Si hago estas películas es porque creo que pueden servir para algo, pueden ayudar, lo hago con esperanza; porque si no hay esperanza, es imposible actuar.

  1. En la película mencionan tres mujeres en la hispanidad: Isabel I de Castilla que reconoce la verdad ontológica del otro como igual, la Malinche que es el puente entre los dos mundos y la Virgen de Guadalupe que porta el abrazo amoroso de esta unión. Sin embargo, la única que prevalece hasta hoy es la Virgen de Guadalupe. ¿A su juicio qué papel considera que juega esta figura femenina en la actualidad de Hispanoamérica?

Isabel de Castilla prevalece porque el mestizaje es un hecho. Ella es la primera que prevalece totalmente, otra cosa es que no se le reconozca, eso es distinto. Que esté olvidada es una cosa, pero prevalece desde el inicio tanto como las demás. Malintzin prevalece porque es la que lleva a cabo el mestizaje. México es el resultado de esto. ¡No pueden prevalecer más! Otra cosa es que no se quiera saber, pero ellas son las constructoras de la Hispanidad, y de México por supuesto.

La Virgen de Guadalupe está en todos los países de Hispanoamérica. La encuentras en cualquier iglesia de la Patagonia, en las selvas de Ecuador, en la caja de un limpiabotas en la sierra peruana. Hoy he estado en la procesión del Señor de los Milagros en Lima. En todos los que venden las imágenes del Señor, los pines y las estampas, ahí también está Guadalupe a lado de las imágenes del Señor de los Milagros.

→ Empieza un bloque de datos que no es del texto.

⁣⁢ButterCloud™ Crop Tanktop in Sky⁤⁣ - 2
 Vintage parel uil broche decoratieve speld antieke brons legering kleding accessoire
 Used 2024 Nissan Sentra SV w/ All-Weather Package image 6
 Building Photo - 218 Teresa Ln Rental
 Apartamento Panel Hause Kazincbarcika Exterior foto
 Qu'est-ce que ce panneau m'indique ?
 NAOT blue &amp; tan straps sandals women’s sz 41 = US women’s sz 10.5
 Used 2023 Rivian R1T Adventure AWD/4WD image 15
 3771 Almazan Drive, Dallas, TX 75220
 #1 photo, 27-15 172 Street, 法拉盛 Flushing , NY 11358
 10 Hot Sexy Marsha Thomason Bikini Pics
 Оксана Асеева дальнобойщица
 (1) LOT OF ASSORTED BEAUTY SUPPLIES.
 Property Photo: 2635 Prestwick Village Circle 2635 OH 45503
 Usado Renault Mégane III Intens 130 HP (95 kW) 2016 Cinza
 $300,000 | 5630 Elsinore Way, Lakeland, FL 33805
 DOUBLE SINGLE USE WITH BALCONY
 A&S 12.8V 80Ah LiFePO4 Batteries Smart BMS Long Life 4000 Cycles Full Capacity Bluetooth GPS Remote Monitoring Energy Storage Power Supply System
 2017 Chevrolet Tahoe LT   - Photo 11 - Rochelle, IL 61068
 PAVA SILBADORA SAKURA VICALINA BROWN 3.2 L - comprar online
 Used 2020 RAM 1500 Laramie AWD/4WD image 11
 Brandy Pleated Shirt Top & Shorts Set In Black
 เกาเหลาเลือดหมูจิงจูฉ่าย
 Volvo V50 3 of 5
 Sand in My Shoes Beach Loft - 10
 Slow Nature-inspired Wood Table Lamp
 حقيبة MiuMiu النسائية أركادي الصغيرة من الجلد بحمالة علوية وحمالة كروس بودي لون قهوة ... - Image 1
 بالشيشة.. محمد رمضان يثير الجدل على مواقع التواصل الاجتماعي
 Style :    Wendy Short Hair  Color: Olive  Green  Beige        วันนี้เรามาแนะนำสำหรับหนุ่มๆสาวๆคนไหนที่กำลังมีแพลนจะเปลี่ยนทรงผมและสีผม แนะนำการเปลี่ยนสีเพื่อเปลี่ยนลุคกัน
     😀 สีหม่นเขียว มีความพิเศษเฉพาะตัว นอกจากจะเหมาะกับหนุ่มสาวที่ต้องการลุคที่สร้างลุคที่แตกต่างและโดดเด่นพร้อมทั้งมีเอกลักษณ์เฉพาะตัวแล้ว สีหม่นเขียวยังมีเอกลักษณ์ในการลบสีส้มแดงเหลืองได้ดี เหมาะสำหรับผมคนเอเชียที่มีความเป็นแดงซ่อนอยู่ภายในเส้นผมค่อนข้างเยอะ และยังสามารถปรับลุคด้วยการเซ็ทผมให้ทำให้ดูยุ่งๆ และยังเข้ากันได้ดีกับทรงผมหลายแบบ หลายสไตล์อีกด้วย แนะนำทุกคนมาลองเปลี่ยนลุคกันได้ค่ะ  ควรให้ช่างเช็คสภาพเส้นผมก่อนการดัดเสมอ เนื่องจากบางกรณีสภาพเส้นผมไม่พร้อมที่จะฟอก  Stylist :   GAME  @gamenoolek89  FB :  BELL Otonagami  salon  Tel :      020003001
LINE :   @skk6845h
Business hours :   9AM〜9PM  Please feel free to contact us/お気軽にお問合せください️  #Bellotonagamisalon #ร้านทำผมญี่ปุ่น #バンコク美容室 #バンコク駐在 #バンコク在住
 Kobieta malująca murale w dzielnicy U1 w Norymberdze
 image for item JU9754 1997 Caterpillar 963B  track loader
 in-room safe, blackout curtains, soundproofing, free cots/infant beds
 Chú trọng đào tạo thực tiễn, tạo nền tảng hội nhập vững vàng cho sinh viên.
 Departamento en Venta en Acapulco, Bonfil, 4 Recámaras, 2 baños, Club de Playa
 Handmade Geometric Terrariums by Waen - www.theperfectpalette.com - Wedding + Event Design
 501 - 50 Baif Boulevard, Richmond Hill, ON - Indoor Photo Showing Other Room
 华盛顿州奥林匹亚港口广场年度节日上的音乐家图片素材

Guadalupe es la gran artífice de la evangelización de América y es la gran Madre americana que consuela. Que no se les reconozca y no se hable ellas (Isabel de Castilla, Malintzin, la Virgen de Guadalupe); incluso se las insulte, como a Malintzin como “la traidora”; ¿traidora de quién? Pero de que han prevalecido, han prevalecido porque la realidad ahí está. Son las tres grandes mujeres que hicieron posible la Hispanidad.